__Your goal__
Repeat the listing exactly. The images do not belong in the copy.

== Segment start ==

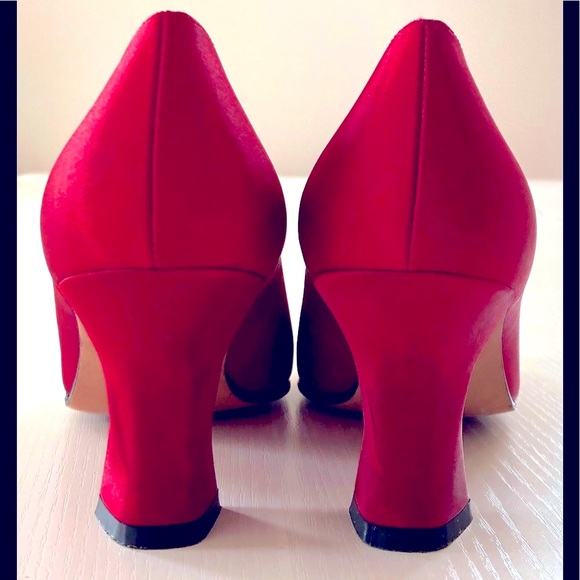 Red Satin pump bow detail 3 inch heel leather sole size 7.5 - Picture 7 of 16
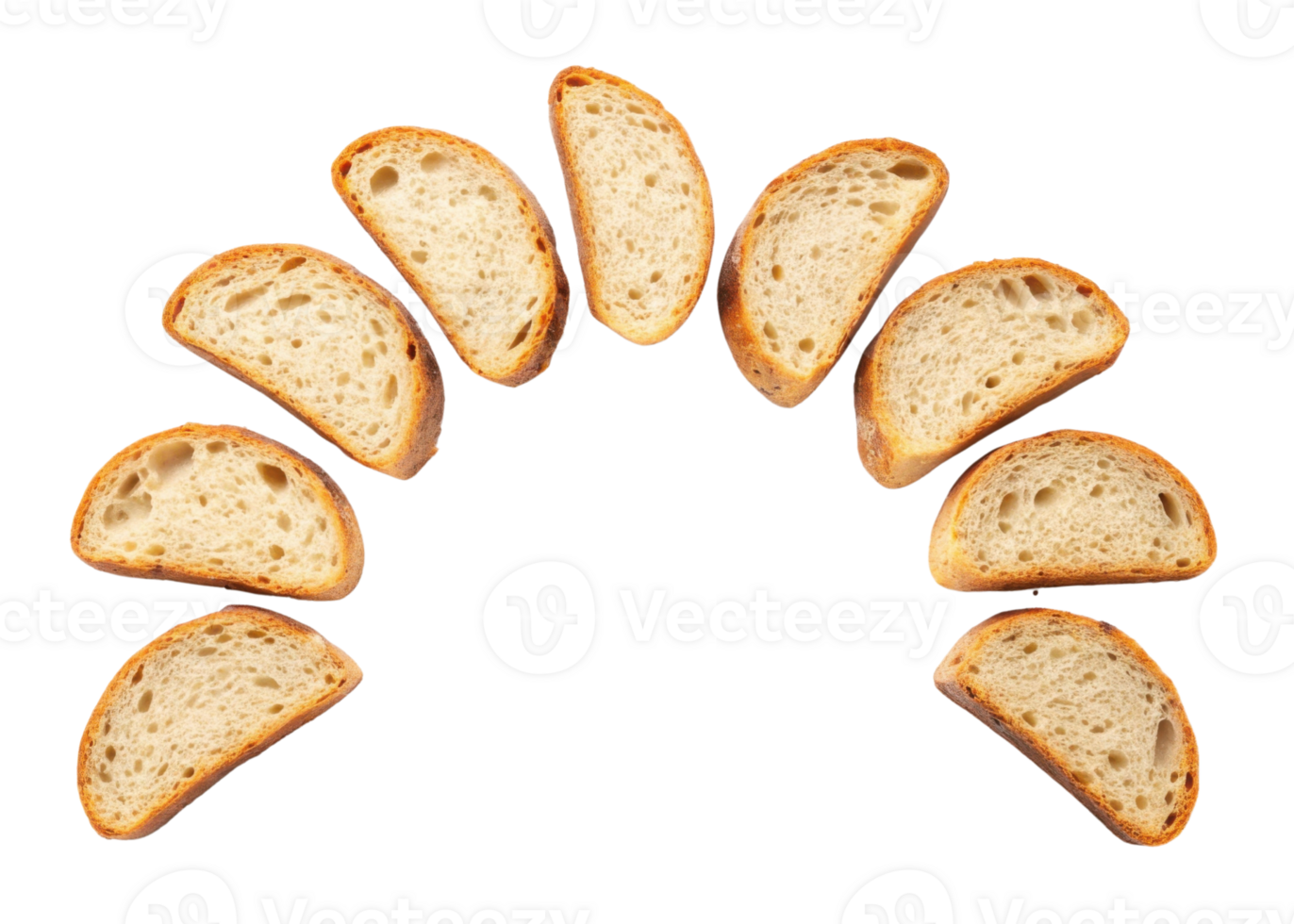 Sourdough bread slices arranged in circular pattern showcase their crusty texture and airy interior, perfect for any meal png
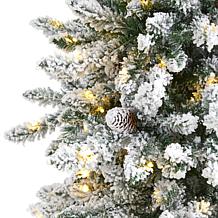 Nearly Natural 6.5 Ft. Flocked Christmas Tree with 300 LED
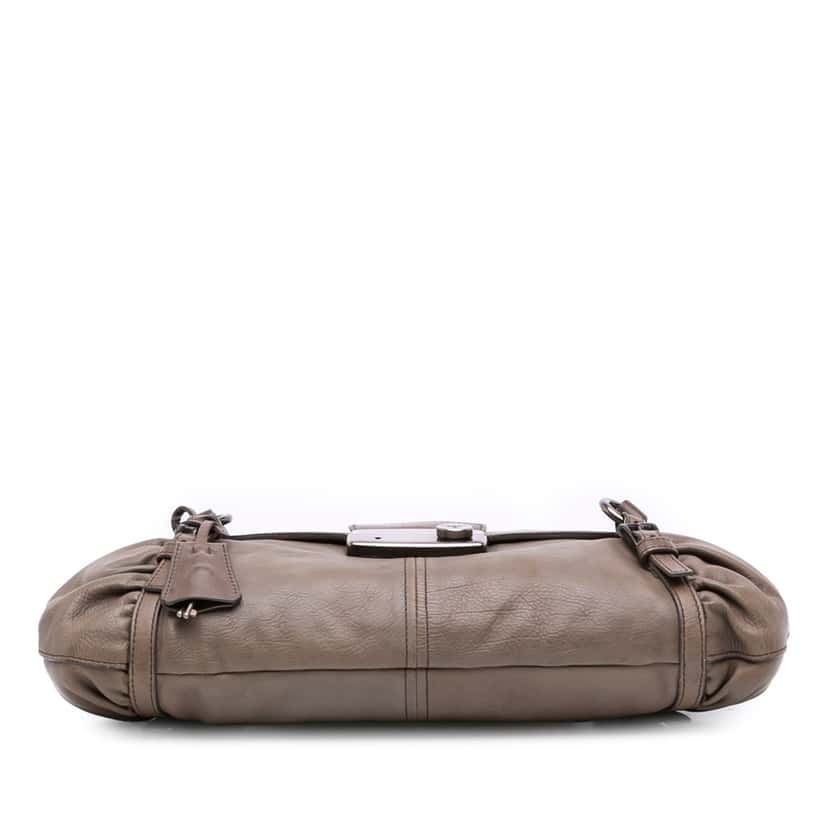 Prada Royal Calf Pushlock Shoulder Bag Brown Leather Good condition - Inside View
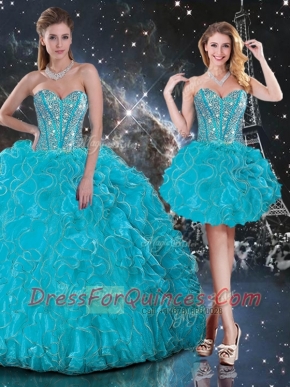 2016 Hot Sale Detachable Sweetheart Sweet 16 Dresses with Beading and Ruffles
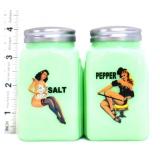 Pair jadeite salt/pepper shakers w/ pinups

== Segment end ==

__Exercise answer__
 Red Satin pump bow detail 3 inch heel leather sole size 7.5 - Picture 7 of 16
 Sourdough bread slices arranged in circular pattern showcase their crusty texture and airy interior, perfect for any meal png
 Nearly Natural 6.5 Ft. Flocked Christmas Tree with 300 LED
 Prada Royal Calf Pushlock Shoulder Bag Brown Leather Good condition - Inside View
 2016 Hot Sale Detachable Sweetheart Sweet 16 Dresses with Beading and Ruffles
 Pair jadeite salt/pepper shakers w/ pinups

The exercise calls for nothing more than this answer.